OPERATING PERFORMANCE: GOOD OPERATING PERFORMANCE AND OPERATING CASH FLOW GENERATION, WITH WELL-DIVERSIFIED REVENUE BASE

Moody's believes University of Minnesota will continue to generate favorable operating margins and cash flow generation, although at likely lower levels as it copes with expected decreases in state funding and constrained growth in tuition, gift and investment revenues. For FY 2009, the University produced a three-year average operating margin of 1.3% as calculated by Moody's. Cash flow has been good, with an operating cash flow margin of 8.3% and producing average actual debt service coverage of 2.9 times. Revenue sources are diverse; student charges (including Pell grants) accounted for 29% of FY 2009 total operating revenues, grants and contracts for 30%, and state appropriations for 26%.

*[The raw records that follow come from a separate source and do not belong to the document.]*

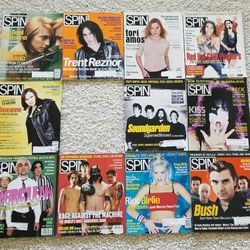 $50 Spin Mags 1996 All but June. Includes KISS
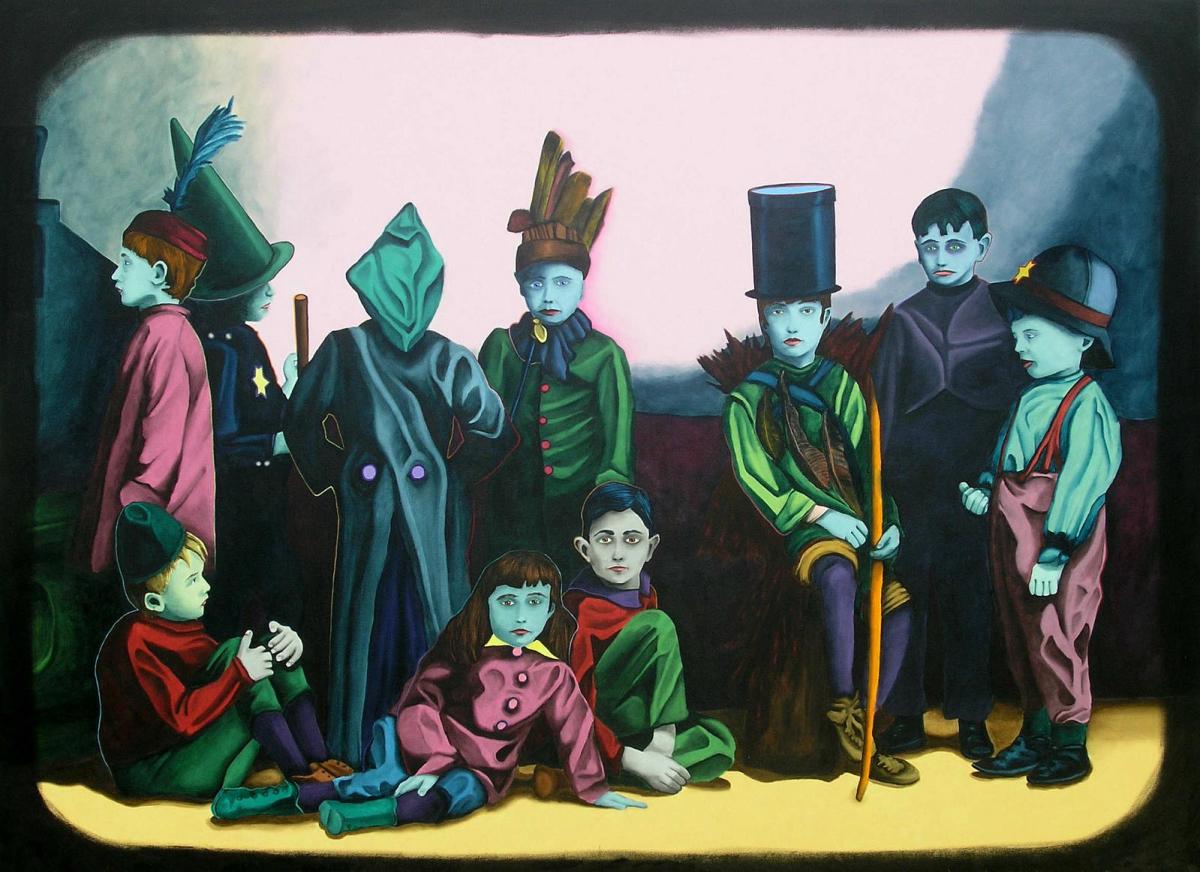 oil painting by Matt Kane - “And in his absence, few knew who to be” oil painting by Matt Kane - “And in his absence, few knew who to be”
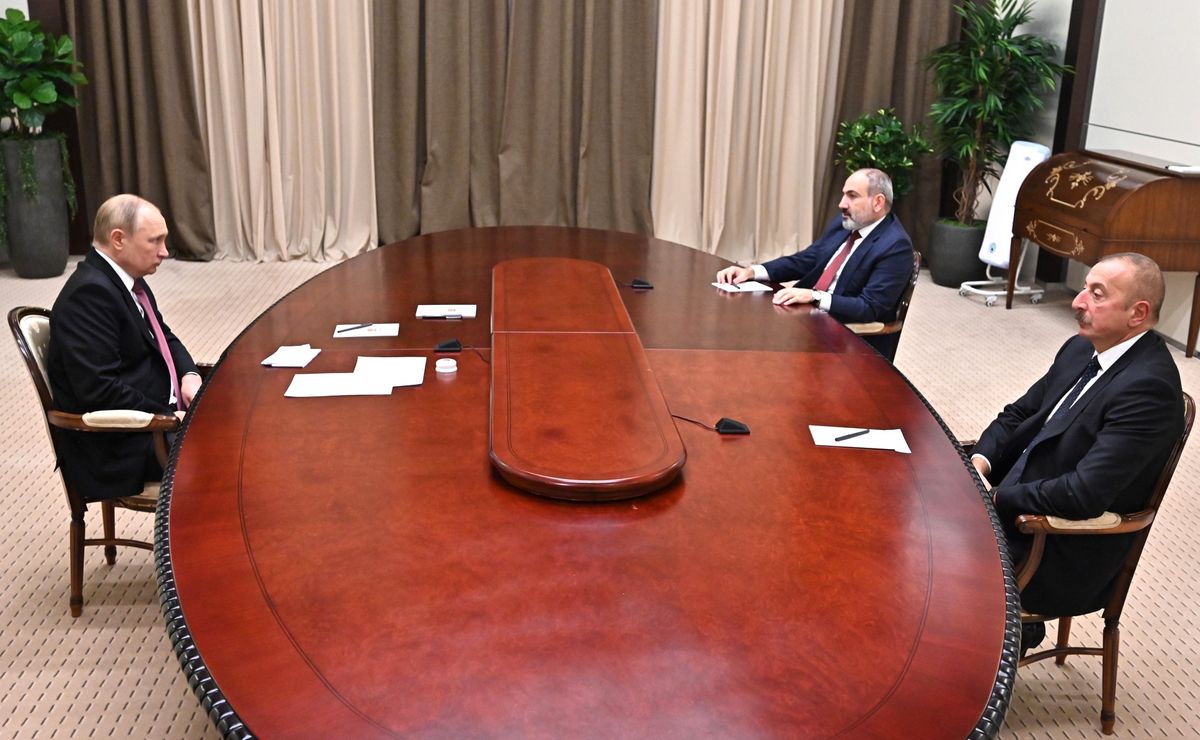 Переговоры Путина, Пашиняна и Алиева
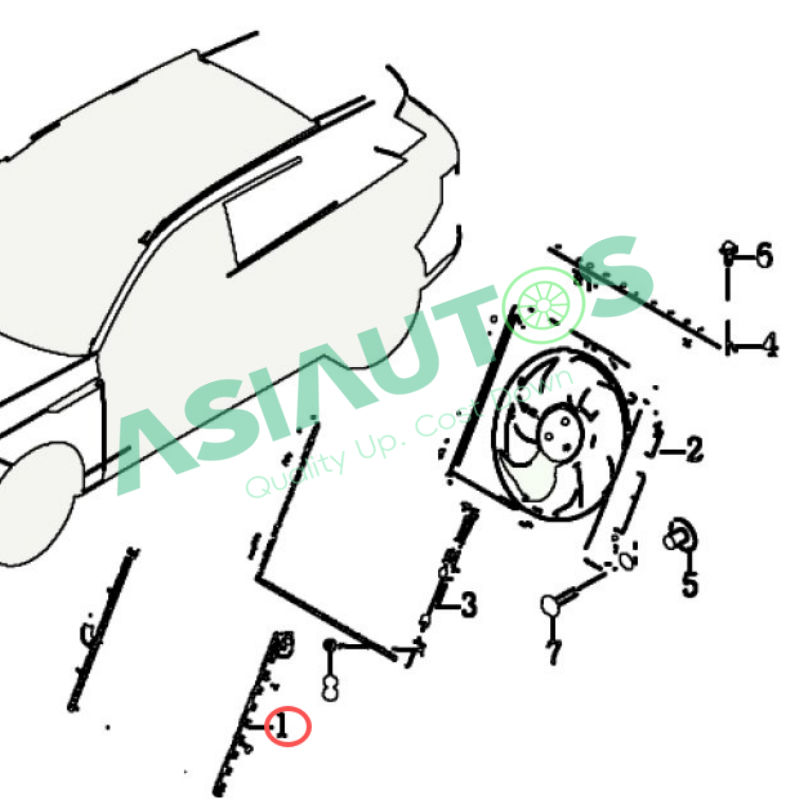 Ev Radiator Assembly XP6051 | XPENG G6 Radiator Assembly 2380002EA10004 2024 EV Engine Cool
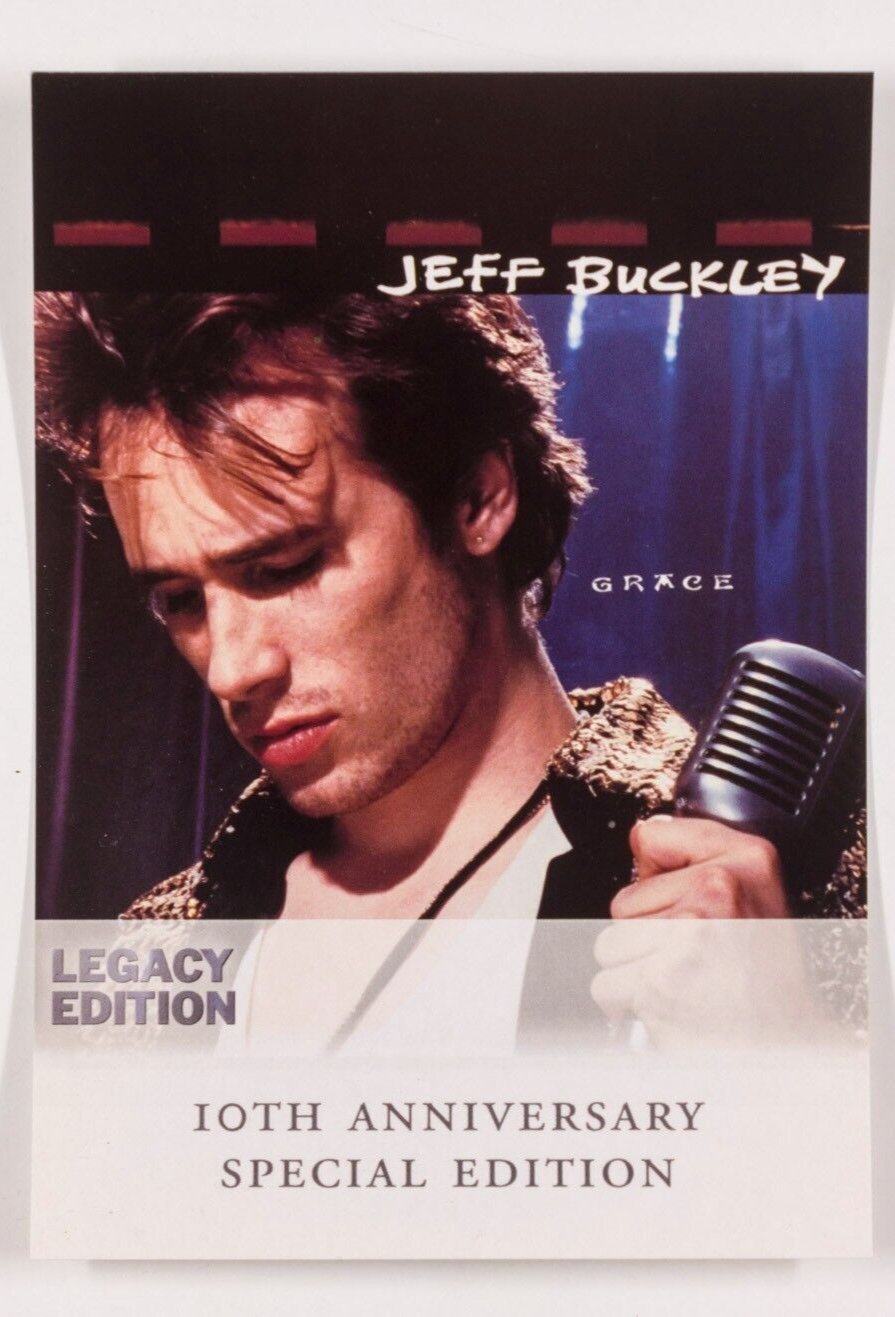 Jeff Buckley GRACE 10th Anniversary Special Legacy Edition POSTCARD album CD UK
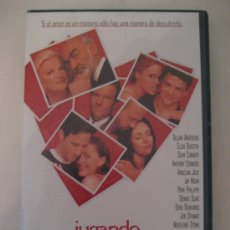 Cine: JUGANDO CON EL CORAZON - VHS -. Lote 26467243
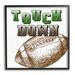 Stupell Industries Touch Down Football Sports Ball Green Varsity Typography XL Stretched Canvas Wall Art By Kim Allen, in White | Wayfair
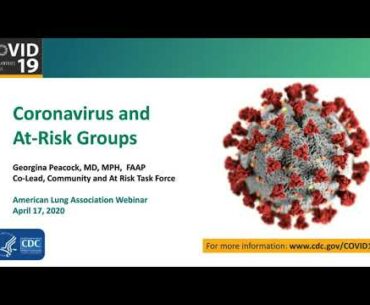 Update with CDC for Chronic Disease Partners on COVID-19 (Apr 17, 2020)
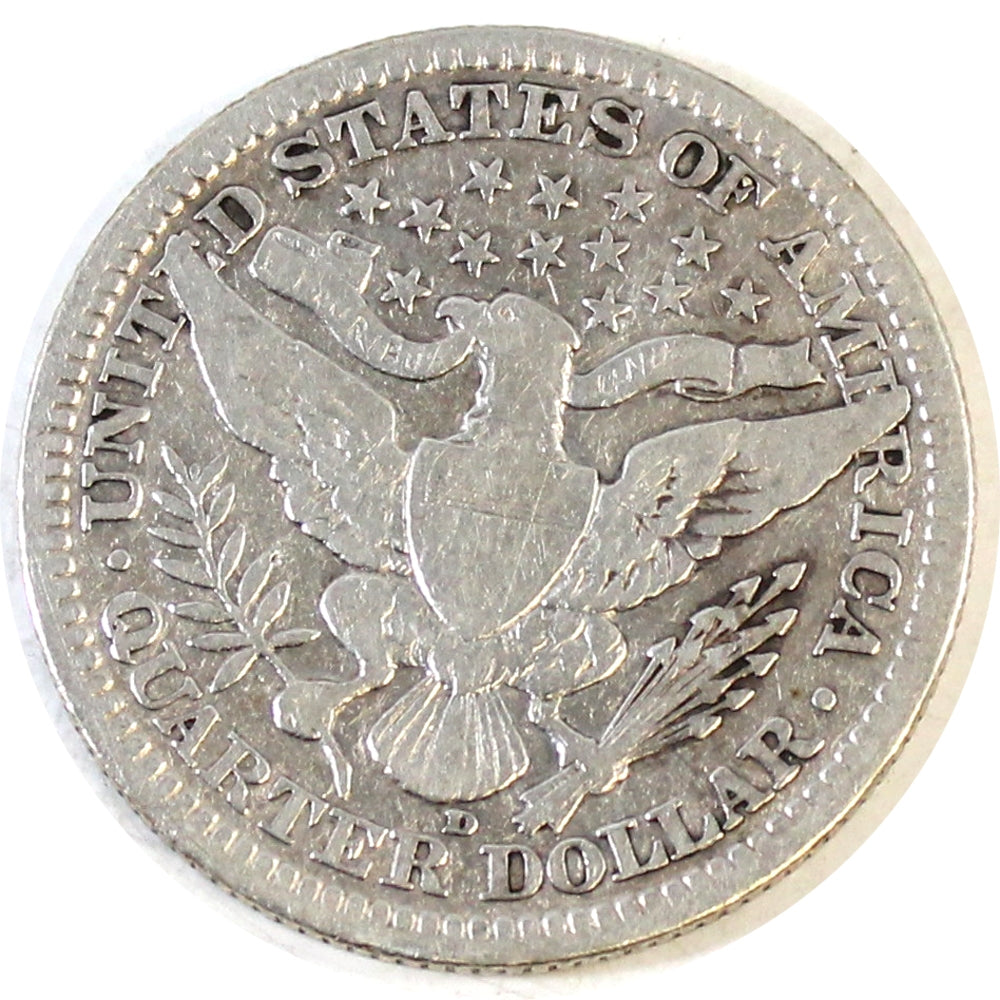 1916 D USA Quarter F-VF (F15)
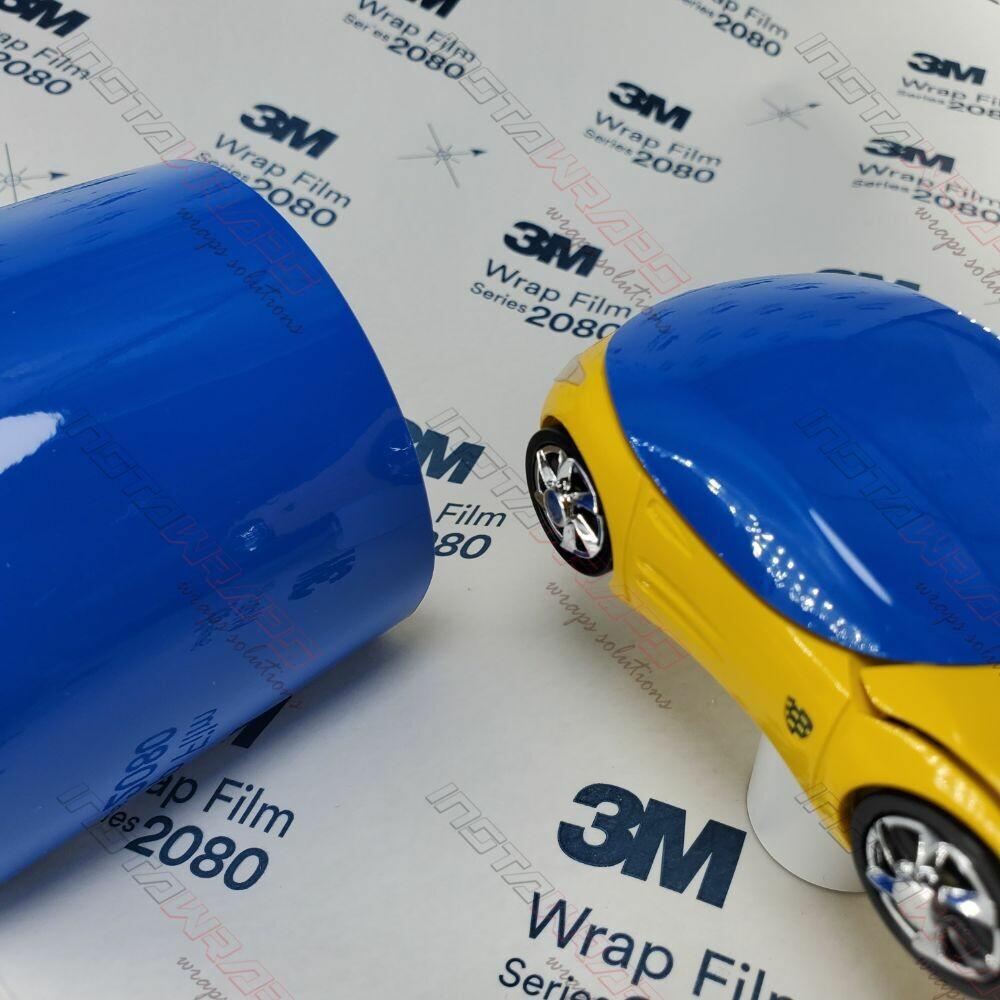 3M 1080 SCOTCHPRINT MATTE BLUE METALLIC VINYL WRAP | M227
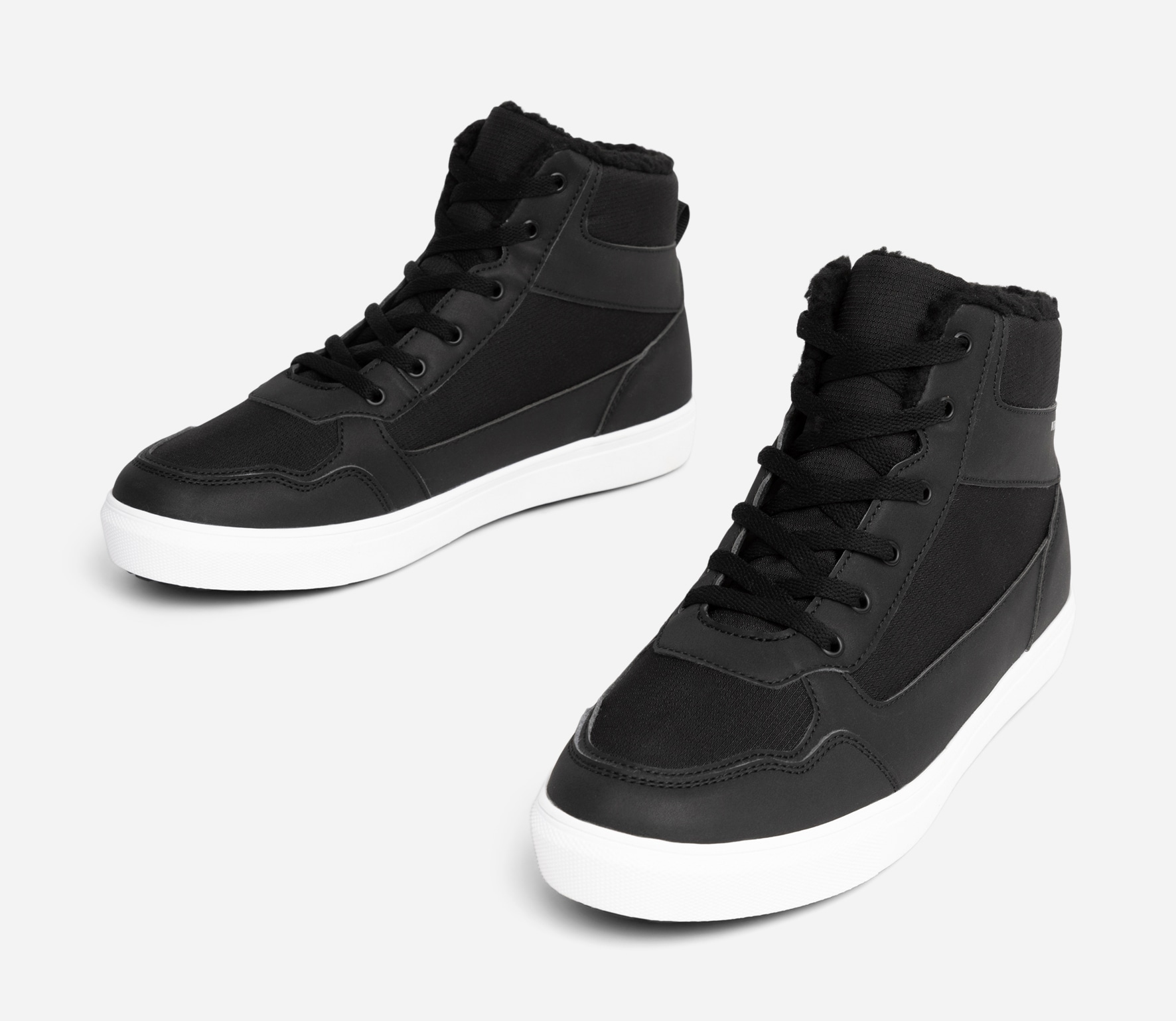 LEJON, Varmfodrade höga sneakers waterproof Svarta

The State of Minnesota is projecting a $5.8 billion deficit for the FY 2012-2013 biennium that will likely result in a reduction of the University's state appropriations. During FY 2010, the State deferred the March 2010 payment to June 2010, paying it by the fiscal year-end. There will be another delay of up to $89 million in funding from Fall 2010 that is expected to be made by the fiscal year-end. University of Minnesota has taken actions within its operating budget to address the possible drop in funding. Although we expect the University will produce less favorable operating performance due to the reductions in state funding, we believe it will implement revenue generating and expense management/reduction initiatives to manage through financial challenges including volatility in state operating support. However, we will monitor the state funding payments to the University to determine any potential diminishment in operating liquidity that may possibly result in pressure on the rating or outlook.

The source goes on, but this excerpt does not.